Task statement:
Show each line of the records below where the word "shows" occurs.

Records excerpted from a collection:
● ● ● ●

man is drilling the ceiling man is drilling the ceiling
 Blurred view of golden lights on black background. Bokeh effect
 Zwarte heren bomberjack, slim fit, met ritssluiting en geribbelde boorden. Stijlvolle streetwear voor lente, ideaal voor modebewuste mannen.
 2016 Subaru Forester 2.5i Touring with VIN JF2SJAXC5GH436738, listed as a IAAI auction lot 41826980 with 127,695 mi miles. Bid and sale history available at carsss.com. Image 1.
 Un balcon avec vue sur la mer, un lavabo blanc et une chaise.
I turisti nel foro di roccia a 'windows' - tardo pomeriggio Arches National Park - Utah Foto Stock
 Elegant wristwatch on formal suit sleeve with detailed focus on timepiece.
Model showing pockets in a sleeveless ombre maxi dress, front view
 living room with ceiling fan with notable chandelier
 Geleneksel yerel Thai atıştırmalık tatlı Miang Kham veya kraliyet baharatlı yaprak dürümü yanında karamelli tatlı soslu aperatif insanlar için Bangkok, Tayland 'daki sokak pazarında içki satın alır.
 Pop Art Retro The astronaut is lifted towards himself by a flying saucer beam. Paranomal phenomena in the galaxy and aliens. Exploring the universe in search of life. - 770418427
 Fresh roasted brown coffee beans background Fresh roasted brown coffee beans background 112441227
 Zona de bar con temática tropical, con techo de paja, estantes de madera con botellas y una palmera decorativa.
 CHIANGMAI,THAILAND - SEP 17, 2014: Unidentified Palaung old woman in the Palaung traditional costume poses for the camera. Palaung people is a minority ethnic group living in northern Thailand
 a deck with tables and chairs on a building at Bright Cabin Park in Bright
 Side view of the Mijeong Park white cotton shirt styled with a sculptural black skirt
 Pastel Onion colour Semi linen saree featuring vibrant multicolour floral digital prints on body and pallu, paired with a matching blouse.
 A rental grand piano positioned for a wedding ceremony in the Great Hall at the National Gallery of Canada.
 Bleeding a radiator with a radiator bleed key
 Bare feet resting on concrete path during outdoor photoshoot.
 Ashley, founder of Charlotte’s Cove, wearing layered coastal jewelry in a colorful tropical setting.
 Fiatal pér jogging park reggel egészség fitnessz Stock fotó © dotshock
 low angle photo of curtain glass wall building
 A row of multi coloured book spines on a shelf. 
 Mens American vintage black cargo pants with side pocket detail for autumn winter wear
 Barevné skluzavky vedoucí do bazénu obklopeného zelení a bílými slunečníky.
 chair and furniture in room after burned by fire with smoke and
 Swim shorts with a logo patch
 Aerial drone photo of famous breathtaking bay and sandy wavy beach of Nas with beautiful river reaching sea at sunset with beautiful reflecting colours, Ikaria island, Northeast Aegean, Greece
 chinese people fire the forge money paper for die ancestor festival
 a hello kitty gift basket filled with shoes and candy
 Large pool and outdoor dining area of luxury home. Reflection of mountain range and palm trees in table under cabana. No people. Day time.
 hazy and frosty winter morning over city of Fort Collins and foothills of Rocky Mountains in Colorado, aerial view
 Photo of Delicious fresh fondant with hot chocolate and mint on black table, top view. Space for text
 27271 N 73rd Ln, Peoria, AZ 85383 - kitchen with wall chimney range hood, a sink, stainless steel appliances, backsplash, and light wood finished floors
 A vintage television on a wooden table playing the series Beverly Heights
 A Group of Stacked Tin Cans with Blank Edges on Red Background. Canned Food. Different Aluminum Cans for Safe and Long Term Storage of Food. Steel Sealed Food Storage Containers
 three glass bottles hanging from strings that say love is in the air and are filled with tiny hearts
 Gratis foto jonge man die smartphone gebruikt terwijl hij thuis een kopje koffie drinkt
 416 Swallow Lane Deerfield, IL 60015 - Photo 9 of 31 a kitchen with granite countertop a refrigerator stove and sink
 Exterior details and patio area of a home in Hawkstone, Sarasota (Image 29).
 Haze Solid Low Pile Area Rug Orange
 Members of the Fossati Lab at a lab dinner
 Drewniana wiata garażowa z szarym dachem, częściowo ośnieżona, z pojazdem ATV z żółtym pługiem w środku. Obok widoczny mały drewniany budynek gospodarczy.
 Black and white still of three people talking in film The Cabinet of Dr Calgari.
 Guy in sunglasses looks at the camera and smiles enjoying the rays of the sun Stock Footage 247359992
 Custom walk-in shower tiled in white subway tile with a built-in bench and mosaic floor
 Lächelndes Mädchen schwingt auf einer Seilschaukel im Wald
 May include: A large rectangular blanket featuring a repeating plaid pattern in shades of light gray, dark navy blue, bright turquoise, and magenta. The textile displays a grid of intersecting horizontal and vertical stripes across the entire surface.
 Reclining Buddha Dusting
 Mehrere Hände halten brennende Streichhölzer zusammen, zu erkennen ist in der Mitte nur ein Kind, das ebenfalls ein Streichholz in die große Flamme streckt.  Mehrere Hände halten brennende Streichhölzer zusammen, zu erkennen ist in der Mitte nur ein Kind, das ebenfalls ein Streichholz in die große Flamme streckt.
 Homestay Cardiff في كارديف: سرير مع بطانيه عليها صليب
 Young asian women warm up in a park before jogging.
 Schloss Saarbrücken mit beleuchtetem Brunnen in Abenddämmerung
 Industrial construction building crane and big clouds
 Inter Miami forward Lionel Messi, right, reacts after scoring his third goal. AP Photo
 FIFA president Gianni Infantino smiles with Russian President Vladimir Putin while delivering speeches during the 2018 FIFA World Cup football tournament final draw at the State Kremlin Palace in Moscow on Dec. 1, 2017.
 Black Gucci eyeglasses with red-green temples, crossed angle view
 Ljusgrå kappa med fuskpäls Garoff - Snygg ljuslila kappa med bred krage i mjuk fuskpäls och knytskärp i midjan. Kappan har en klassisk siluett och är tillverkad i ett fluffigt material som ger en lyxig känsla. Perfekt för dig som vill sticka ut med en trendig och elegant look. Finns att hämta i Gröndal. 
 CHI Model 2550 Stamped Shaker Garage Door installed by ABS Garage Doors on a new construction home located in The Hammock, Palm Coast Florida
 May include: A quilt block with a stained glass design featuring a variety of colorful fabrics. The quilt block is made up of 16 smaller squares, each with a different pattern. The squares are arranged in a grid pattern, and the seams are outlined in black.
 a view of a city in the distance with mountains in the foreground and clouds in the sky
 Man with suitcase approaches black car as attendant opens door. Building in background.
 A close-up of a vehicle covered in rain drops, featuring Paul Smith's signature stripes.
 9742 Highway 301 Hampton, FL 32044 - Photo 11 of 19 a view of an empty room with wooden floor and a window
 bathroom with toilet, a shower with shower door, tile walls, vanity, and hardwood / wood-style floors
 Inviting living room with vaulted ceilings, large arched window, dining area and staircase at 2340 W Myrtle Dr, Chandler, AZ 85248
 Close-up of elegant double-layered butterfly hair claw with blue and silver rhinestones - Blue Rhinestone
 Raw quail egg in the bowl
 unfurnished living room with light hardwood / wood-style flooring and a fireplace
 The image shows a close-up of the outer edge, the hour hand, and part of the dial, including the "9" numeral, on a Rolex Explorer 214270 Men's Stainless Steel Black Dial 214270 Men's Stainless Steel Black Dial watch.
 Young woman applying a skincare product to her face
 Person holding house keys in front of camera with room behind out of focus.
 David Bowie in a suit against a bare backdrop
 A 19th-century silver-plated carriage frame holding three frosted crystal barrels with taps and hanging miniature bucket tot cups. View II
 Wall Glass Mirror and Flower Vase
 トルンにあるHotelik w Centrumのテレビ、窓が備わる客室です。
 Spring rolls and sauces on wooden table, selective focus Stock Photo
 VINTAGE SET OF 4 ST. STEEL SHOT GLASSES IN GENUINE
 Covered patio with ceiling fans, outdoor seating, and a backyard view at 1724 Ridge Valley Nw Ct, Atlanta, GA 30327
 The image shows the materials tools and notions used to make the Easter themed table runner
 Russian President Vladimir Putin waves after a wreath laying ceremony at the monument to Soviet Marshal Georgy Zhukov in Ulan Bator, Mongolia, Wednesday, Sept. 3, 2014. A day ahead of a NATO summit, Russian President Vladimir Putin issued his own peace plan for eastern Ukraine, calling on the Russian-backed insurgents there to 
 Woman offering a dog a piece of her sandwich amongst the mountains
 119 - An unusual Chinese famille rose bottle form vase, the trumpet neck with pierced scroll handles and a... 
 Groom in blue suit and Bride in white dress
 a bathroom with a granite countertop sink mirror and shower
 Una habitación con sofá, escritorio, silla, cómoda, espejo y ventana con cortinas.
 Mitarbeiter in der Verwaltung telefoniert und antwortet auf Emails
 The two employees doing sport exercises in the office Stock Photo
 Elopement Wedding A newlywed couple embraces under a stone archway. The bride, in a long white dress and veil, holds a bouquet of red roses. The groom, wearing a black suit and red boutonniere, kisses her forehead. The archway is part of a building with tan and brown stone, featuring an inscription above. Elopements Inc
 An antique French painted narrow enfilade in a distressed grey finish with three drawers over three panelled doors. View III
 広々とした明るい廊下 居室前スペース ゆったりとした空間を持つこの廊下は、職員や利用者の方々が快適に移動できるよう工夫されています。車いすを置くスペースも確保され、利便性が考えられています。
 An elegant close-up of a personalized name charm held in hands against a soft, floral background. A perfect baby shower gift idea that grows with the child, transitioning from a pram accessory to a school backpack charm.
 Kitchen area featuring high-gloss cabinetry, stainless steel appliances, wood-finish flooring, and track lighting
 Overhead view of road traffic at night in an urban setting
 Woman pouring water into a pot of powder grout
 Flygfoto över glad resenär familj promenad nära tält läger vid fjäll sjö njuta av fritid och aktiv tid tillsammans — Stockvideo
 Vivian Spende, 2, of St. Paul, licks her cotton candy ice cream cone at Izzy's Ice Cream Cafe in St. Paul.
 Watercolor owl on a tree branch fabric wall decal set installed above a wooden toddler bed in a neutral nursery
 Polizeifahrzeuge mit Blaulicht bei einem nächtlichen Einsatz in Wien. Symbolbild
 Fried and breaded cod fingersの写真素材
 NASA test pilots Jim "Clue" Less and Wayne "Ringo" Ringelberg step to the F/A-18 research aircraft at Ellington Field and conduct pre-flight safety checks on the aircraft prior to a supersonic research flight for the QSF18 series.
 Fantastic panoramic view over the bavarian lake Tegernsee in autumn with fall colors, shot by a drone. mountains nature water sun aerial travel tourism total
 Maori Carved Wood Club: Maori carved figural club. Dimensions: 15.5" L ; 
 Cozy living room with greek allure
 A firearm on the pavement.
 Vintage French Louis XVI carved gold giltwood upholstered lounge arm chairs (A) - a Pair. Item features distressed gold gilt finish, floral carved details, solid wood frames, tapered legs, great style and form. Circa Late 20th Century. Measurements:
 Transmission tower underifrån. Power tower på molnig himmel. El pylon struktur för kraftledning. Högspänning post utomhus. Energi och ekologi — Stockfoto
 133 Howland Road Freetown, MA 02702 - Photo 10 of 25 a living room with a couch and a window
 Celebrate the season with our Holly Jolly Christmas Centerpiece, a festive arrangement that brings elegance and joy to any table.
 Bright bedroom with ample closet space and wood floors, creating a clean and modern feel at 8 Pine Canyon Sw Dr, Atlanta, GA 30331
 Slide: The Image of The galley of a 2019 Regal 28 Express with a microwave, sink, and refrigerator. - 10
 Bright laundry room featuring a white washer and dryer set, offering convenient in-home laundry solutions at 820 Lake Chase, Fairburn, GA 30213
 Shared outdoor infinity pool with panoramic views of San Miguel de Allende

● ● ● ●

Solution:
 The image shows a close-up of the outer edge, the hour hand, and part of the dial, including the "9" numeral, on a Rolex Explorer 214270 Men's Stainless Steel Black Dial 214270 Men's Stainless Steel Black Dial watch.
 The image shows the materials tools and notions used to make the Easter themed table runner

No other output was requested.